* _Task prompt_: A letter-for-letter copy of the listing is required, with no pictures in it.

* _Supplied data_:
::::::::

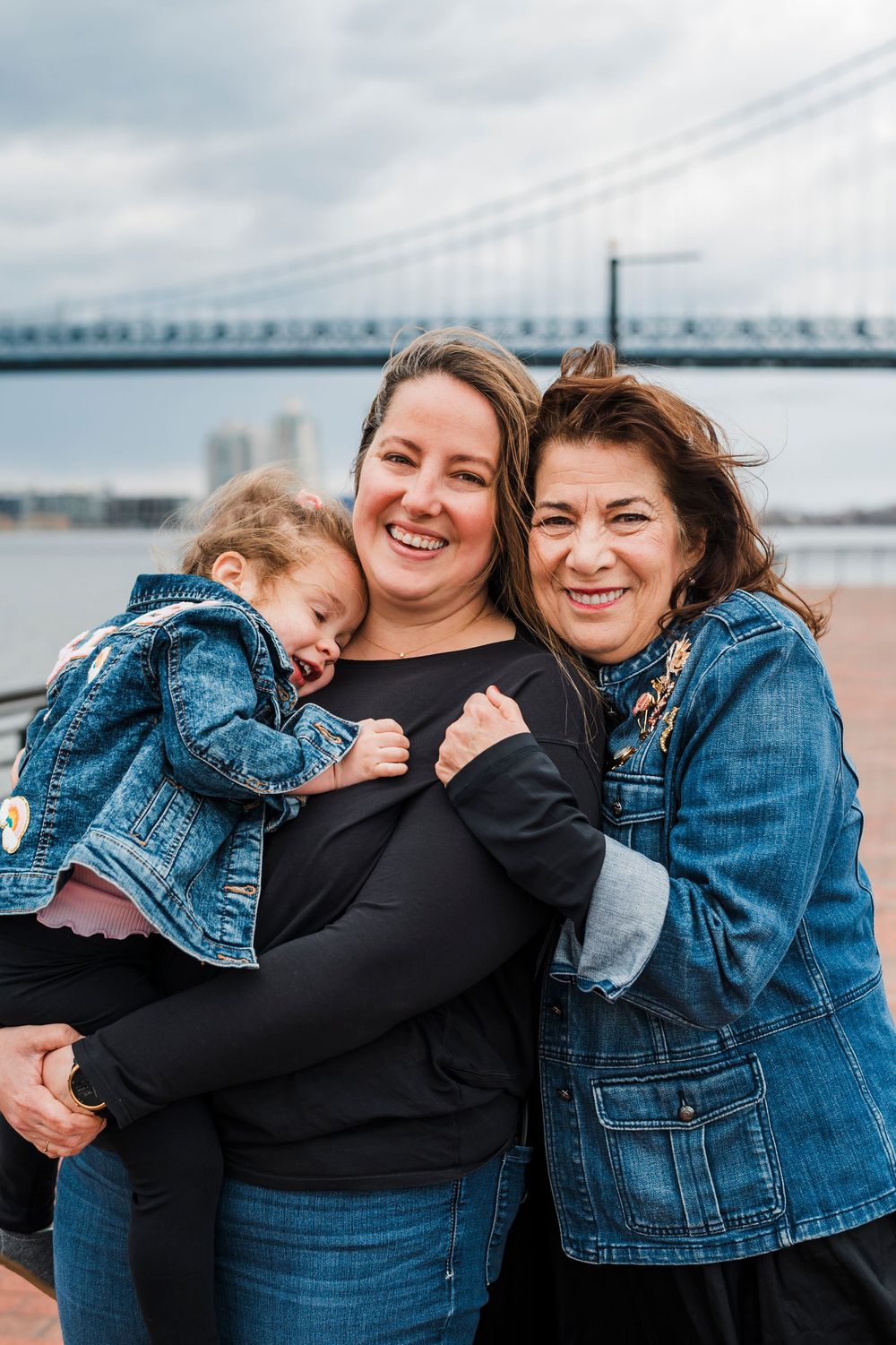 Three people share a warm embrace outside on a cloudy day with a bridge visible in the background.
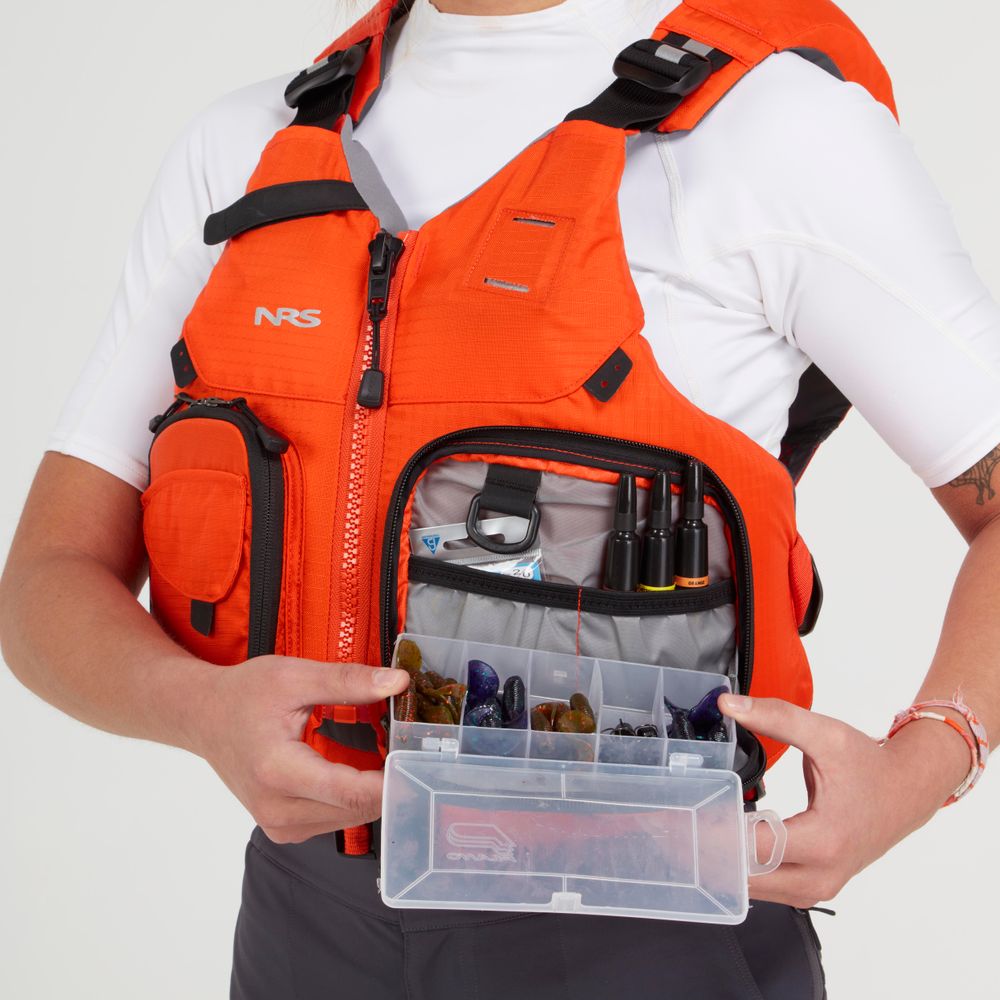 A person wearing an NRS Chinook Fishing PFD, featuring handy gear attachment points, holds a tackle box filled with fishing accessories visible from the front pocket.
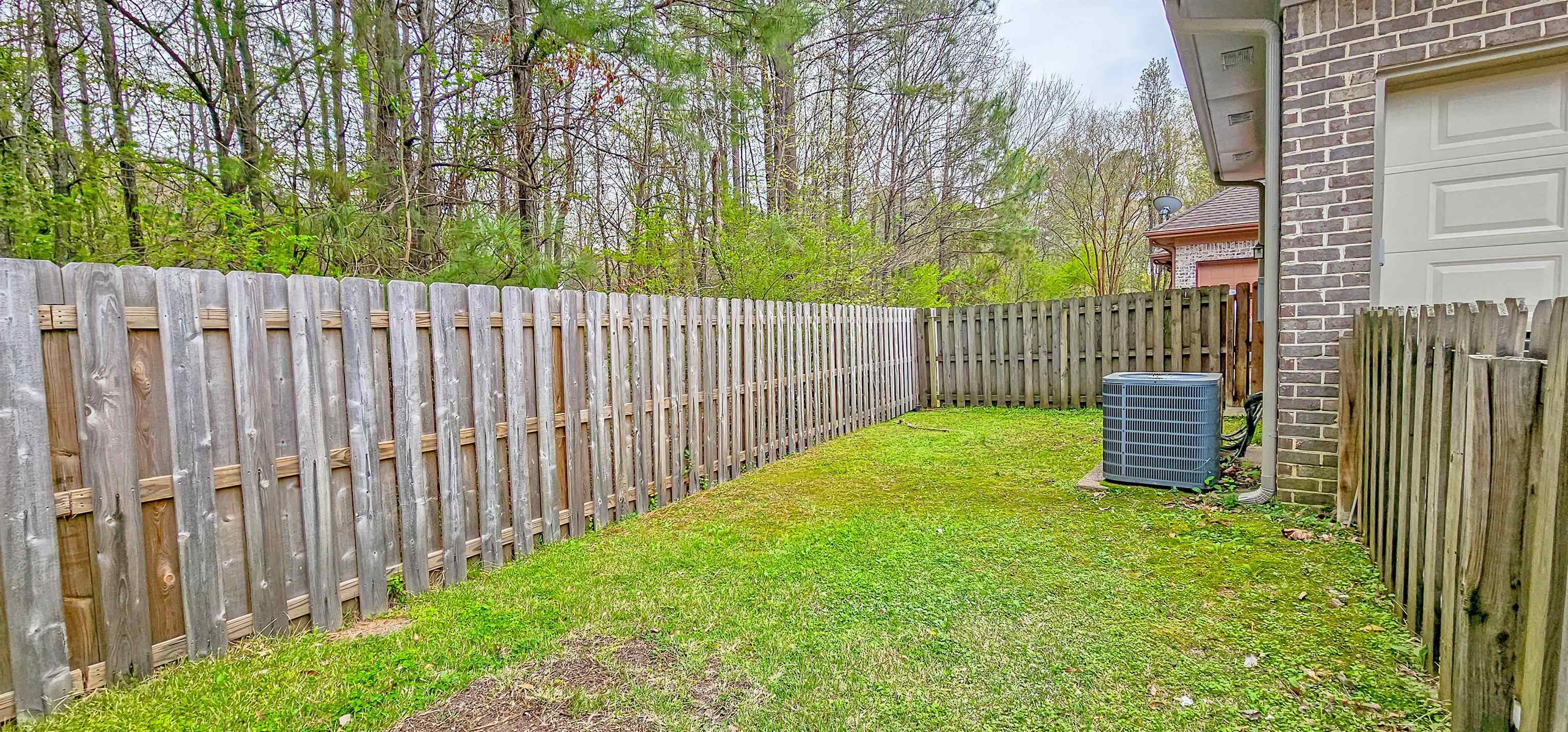 1784 Penshurst Drive Collierville, TN 38017 - Photo 32 of 40 a view of a garden with wooden fence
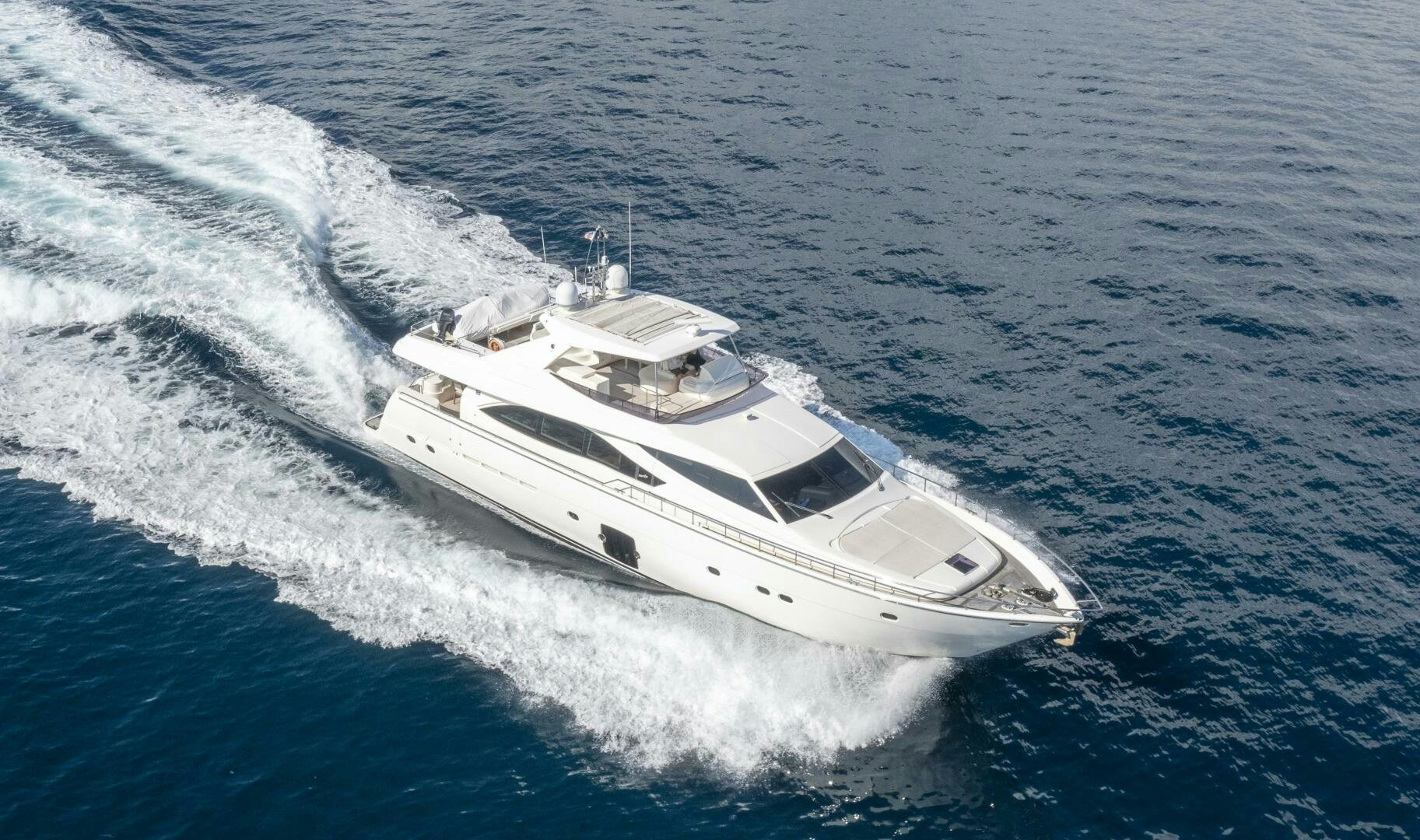 a white yacht on the water aboard CRYSTAL PARROT Yacht for Sale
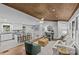 Open-concept living room with hardwood floors, wood ceiling, and a seamless connection to the kitchen and dining area at 1614 Fieldbrook Rd, Rock Hill, SC 29732
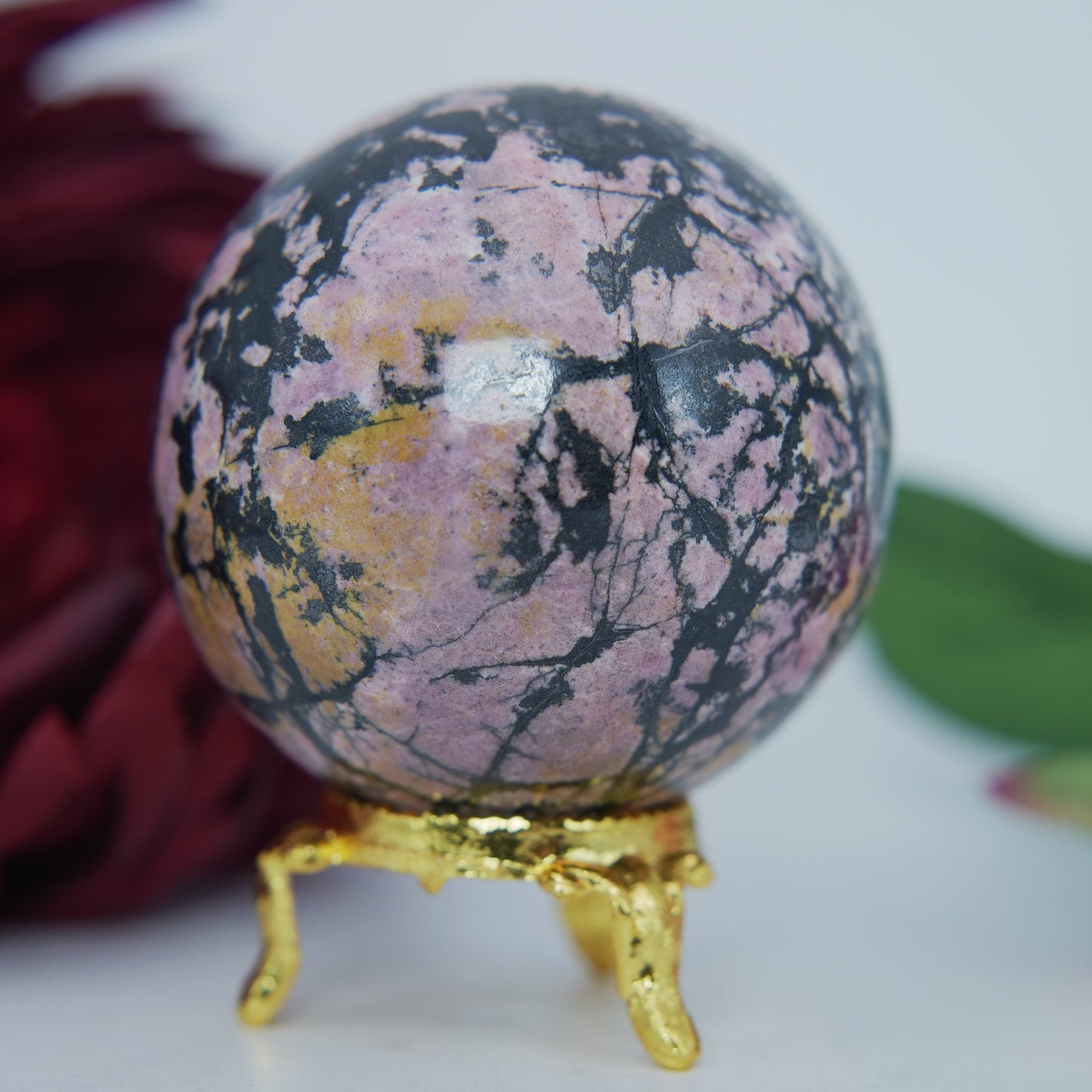 Polished Rhodonite Sphere Pakistan 440G 62Mm featuring pink tone with black veining - Positive Faith Hope Love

::::::::

* _Response below_:
 Three people share a warm embrace outside on a cloudy day with a bridge visible in the background.
 A person wearing an NRS Chinook Fishing PFD, featuring handy gear attachment points, holds a tackle box filled with fishing accessories visible from the front pocket.
 1784 Penshurst Drive Collierville, TN 38017 - Photo 32 of 40 a view of a garden with wooden fence
 a white yacht on the water aboard CRYSTAL PARROT Yacht for Sale
 Open-concept living room with hardwood floors, wood ceiling, and a seamless connection to the kitchen and dining area at 1614 Fieldbrook Rd, Rock Hill, SC 29732
 Polished Rhodonite Sphere Pakistan 440G 62Mm featuring pink tone with black veining - Positive Faith Hope Love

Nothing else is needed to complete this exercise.